Introduction

A cold atom experimental setup on an optical table is a useful metaphor for the philosophy underlying the cold-atom library. In such an experimental apparatus there are expensive, complicated gadgets like lasers, detectors, vacuum pumps, etc. Usually these gadgets are not chosen so as to maximize their performance for a specific experiment. Rather they are reasonably versatile and general so that they can be repurposed for different experiments. Of course this saves cost but more importantly it allows experimenters to adapt to new insights that are gained only once construction of the apparatus has begun or once the experiment is underway. This is a recognition of the reality that it is impossible to fully anticipate all details of an experiment and to have a perfect plan ahead of time. A certain amount of on the fly learning and adaptation to new information is necessary.

The expensive and sophisticated gadgets are connected together by a large number of highly standardized, very general, and typically low cost components: optical fibers, various types of cables, screws, bolts, mounts, wire, duct tape etc. The use of these very general, low cost interfaces is what allows students in the field of cold atoms to get to the point where they can take data and carry out physics research in a matter of years (sometimes even months).

The cold-atom library aims to emulate this approach for computational research in cold atoms. The library itself provides powerful data structures, algorithms, and implementations for specialized tasks (e.g. particle tracking, laser cooling, etc). In our analogy these capabilities correspond to lasers and other equipment. The interface between these capabilities is based on widely used standard libraries such as numpy and matplotlib and the programming language python itself.

This architecture is in deliberate contrast to simulation software that is specialized for a rather specific and narrow application domain (e.g. fusion research). Such applications are designed and developed over many years and decades and simulation runs are often carried out on super computers using batch systems with turnaround times of hours or days. Granted, for many of the application areas where these traditional computational solutions are brought to bear this approach is the only practical one.

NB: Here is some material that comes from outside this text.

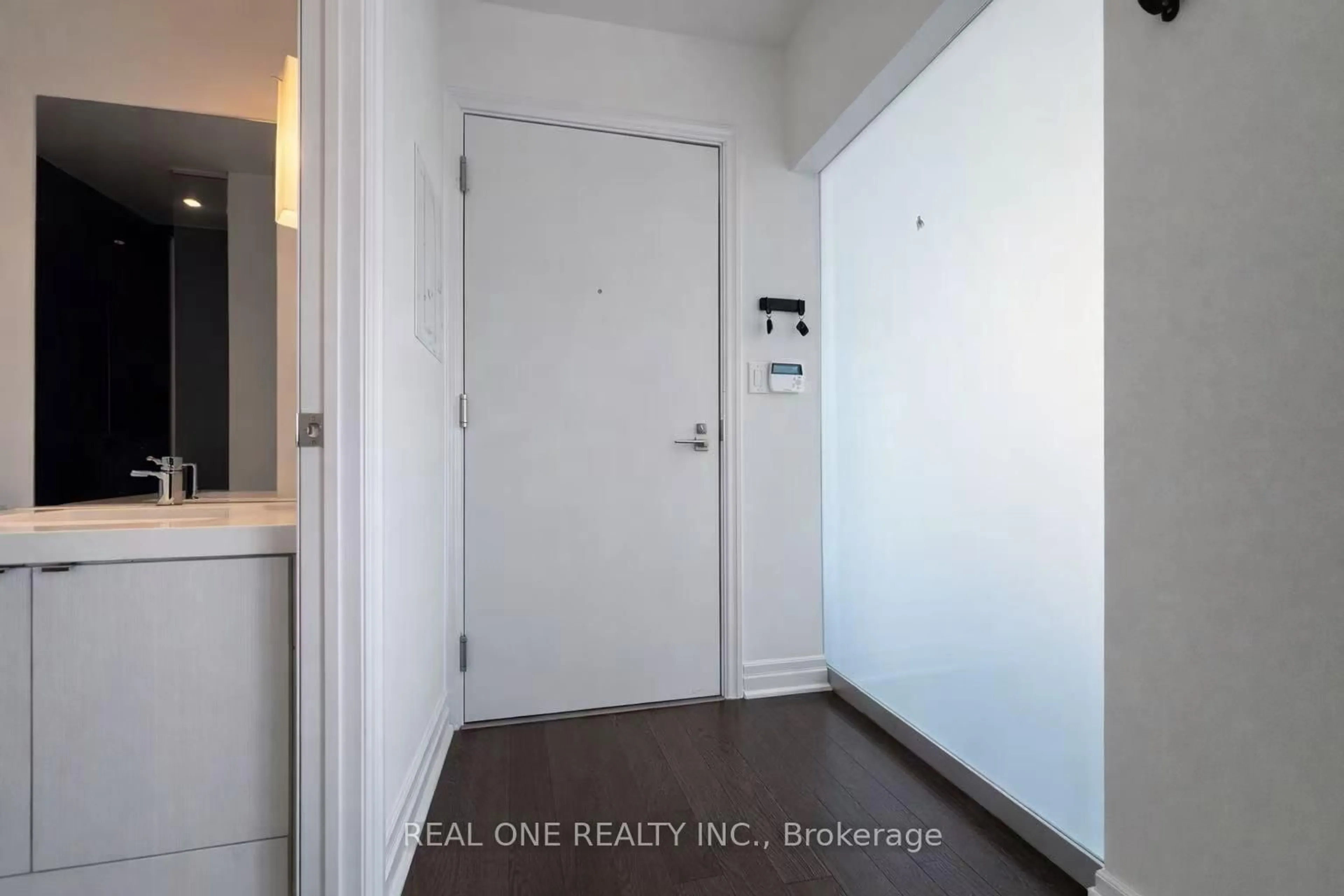 Indoor entryway for 8 The Esplanade Ave #1107, Toronto Ontario M5E 0A6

But in our opinion it is a poor fit for cold atom research where flexibility, agility, and interactivity are more important than application performance. Of course this is practical only because the computational needs in the flavor of atomic physics we're targeting are much less stringent than in traditional areas of computational science.

This notebook illustrates some of the most basic concepts of the cold atoms library. We show how to represent an ensemble of particles and how to simulate their ballistic expansion.

Ballistic expansion of an ensemble of cold atoms

First we need to include a few libraries. As mentioned in the introduction, the coldatoms library uses numpy to represent most of its data. matplotlib is our go to solution for visualization


In [1]:
import coldatoms
import numpy as np
%matplotlib notebook
import matplotlib.pyplot as plt

Collections of particles are represented by the Ensemble class, which essentially contains their positions and velocities. While it is possible to consider particles in reduced dimensions (e.g. 1D or 2D) the cold-atoms library is designed for three spatial dimensions. This is because cold-atoms is at its heart a mesh-free library where the cost of higher dimensions (e.g. 3D vs 2D) is rather low. Therefore there is little incentive to save cost by considering lower dimensional problems. Some functions and classes assume that we're in three spatial dimensions. If you're deviating from that you're on your own!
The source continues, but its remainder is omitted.